Airlines cut schedules as kerosene tightens
The international aviation sector is among the first to show pronounced operational consequences, with data analysis firm Cirium calculating that carriers removed about two million seats from May schedules—equivalent to roughly 12,000 flights.
Air France–KLM has reportedly been instructed not to register additional services to fuel-sensitive hubs such as Singapore and Tokyo, as operators try to preserve kerosene stocks at critical nodes.
Kerosene prices in Europe have at times more than doubled compared with the start of the year, prompting carriers to alter networks and delay new services to high-demand long-haul markets.
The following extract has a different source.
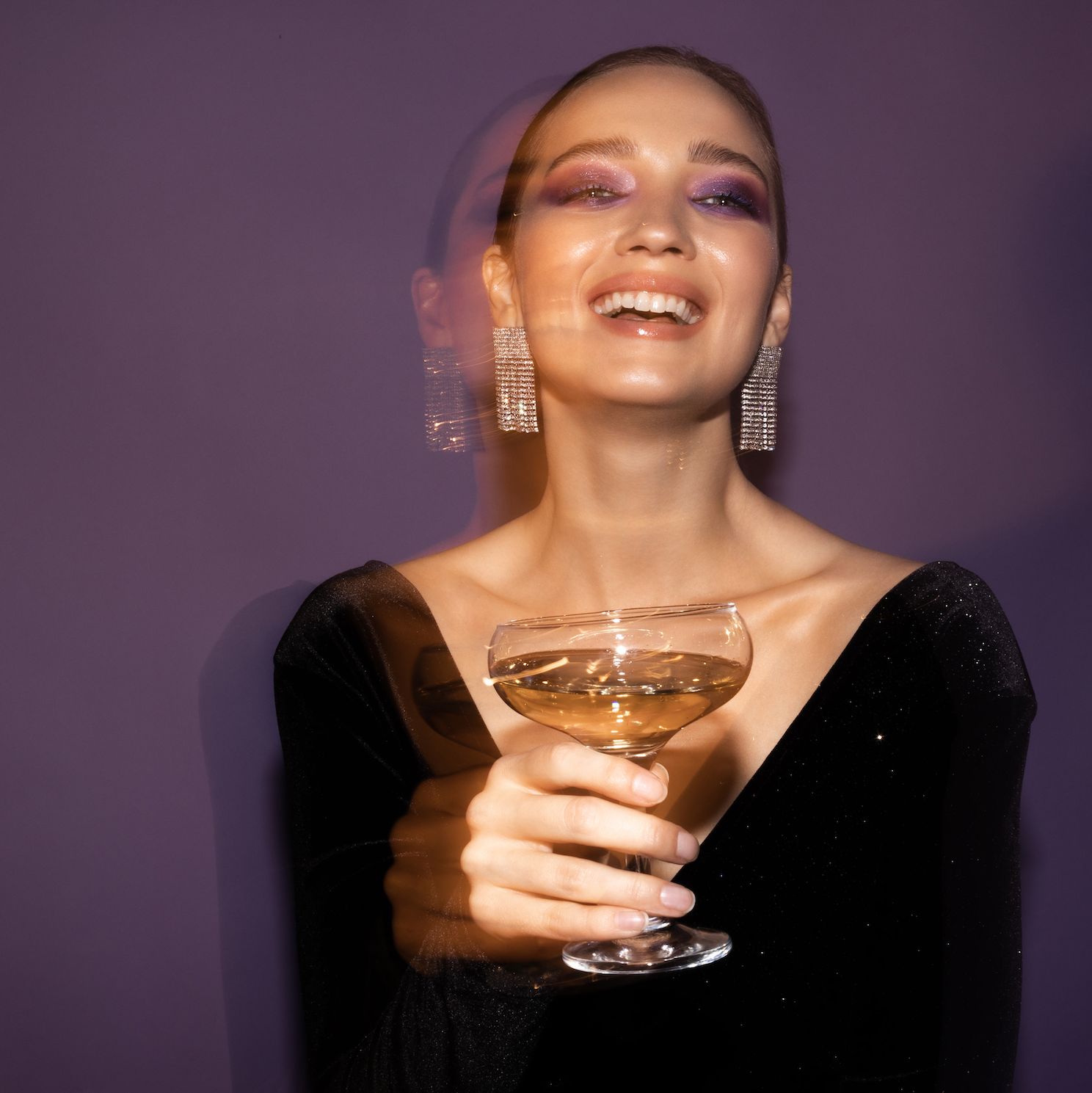 a woman holding a glass of wine
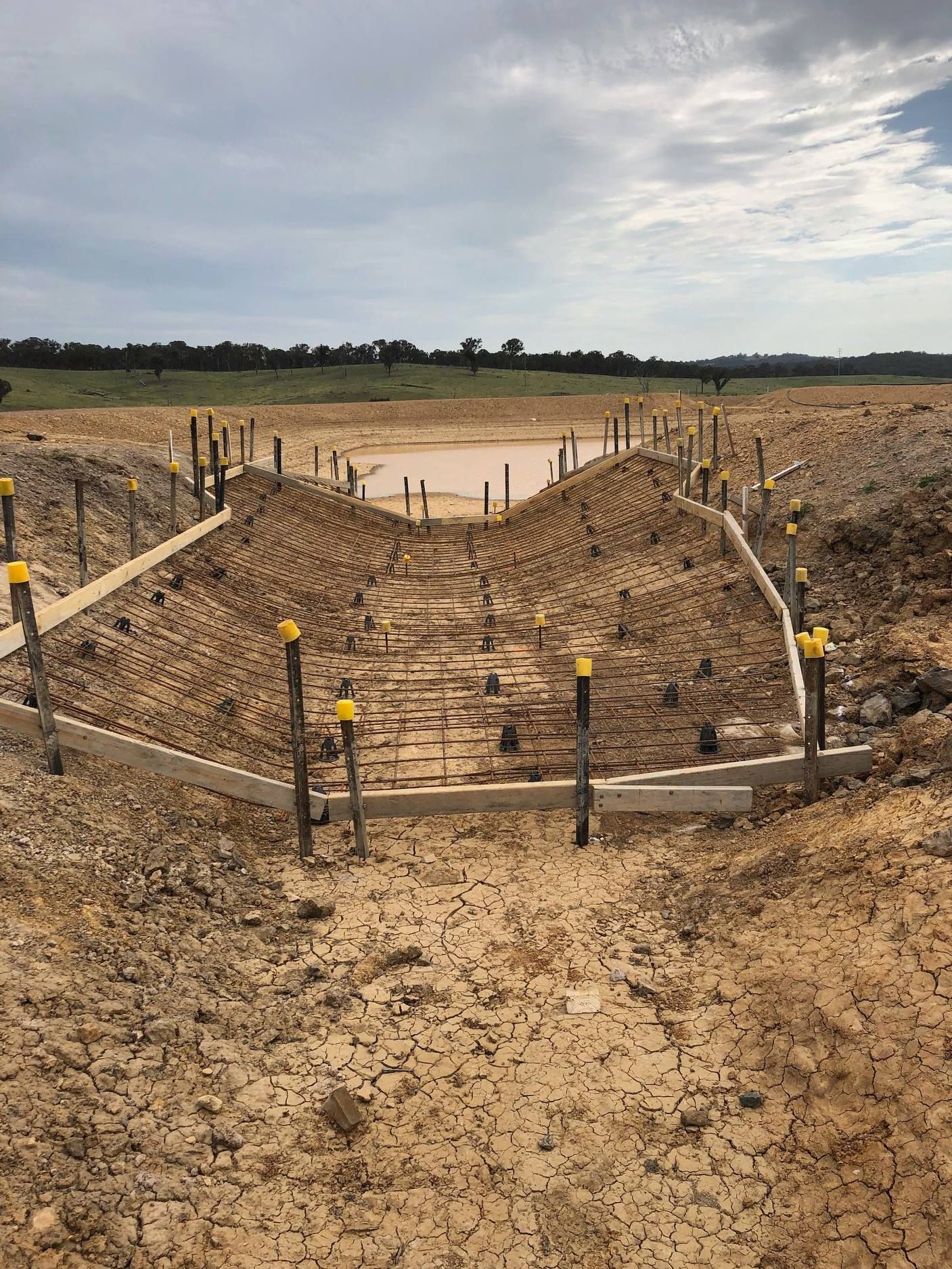 Construction Site With Earthen Berms and Stakes — Heritage Concrete In Uralla, NSW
Cirium’s figures indicate Lufthansa cut more flights than any other carrier in the May adjustments, while IAG’s chief warned that continued disruption could bring global restrictions on aviation fuel availability.
European dependence on Persian Gulf kerosene creates vulnerabilities
EU members imported about 10.3 million tonnes of kerosene from the Persian Gulf in 2025, accounting for over half of the bloc’s fuel imports and roughly a fifth of total EU consumption, industry data show.
That concentration of supply leaves European airports and carriers vulnerable if Gulf shipments remain curtailed or rerouted to higher-paying markets in Asia.
Argus Media analysts judge it unlikely that higher domestic production and alternative imports will fully replace lost Gulf volumes in the near term, and they forecast European kerosene could become scarce by June.
Experts expect smaller airports to face the most acute disruption while major hubs may retain relatively better access because of prioritisation and existing contracts.
Refinery limits and global competition for cargoes
Germany operates eleven refineries, eight of which make aviation kerosene, but technical constraints limit how quickly refineries can shift output from other products to jet fuel.
Some U.S. refineries could raise exports to Europe, yet competing demand from Asia—willing to pay higher prices—means cargoes are likely to be redirected where returns are greatest.
Industry sources note that damage to refineries in the conflict zone further complicates a fast restoration of supplies, and that even an end to the Strait of Hormuz blockade would leave markets balancing flows and repair timelines for months.
The global nature of crude and product markets means regional shortages can reverberate through pricing and logistics long after physical routes reopen.
German government measures and industry criticism
Berlin’s economics ministry has sought to reassure the public that there is currently “no quantity problem” for fuels used by road transport and aviation, while acknowledging higher prices at the pump.
Economics Minister Katherina Reiche has urged against alarmist reactions and convened a weekly crisis unit to monitor energy-market developments and plan contingency steps if physical shortages reach Europe.
The government has temporarily reinstated a reduced fuel tax on petrol and diesel until the end of June, reviving the so-called “tank rebate,” a move opponents in industry call counterproductive during a supply squeeze.
Critics argue that lowering pump prices weakens incentives to conserve fuel and can, in a shortage, exacerbate demand pressure; comprehensive consumption data from national authorities are only available with a substantial delay, limiting immediate policy feedback.
Market participants stress that even if diplomatic talks lead to a reopening of the Strait of Hormuz, normalization will not be immediate.
Industry and government officials say the combination of drawn-down inventories, damaged regional infrastructure and a global reallocation of cargoes means a multi-month period of tightness and elevated prices is the most realistic near-term scenario.
As airlines, refiners and governments scramble for alternatives, the coming weeks will test the resilience of supply chains and the effectiveness of policy responses to a disruption that began at a maritime chokepoint but is now surfacing across road, sea and air transport.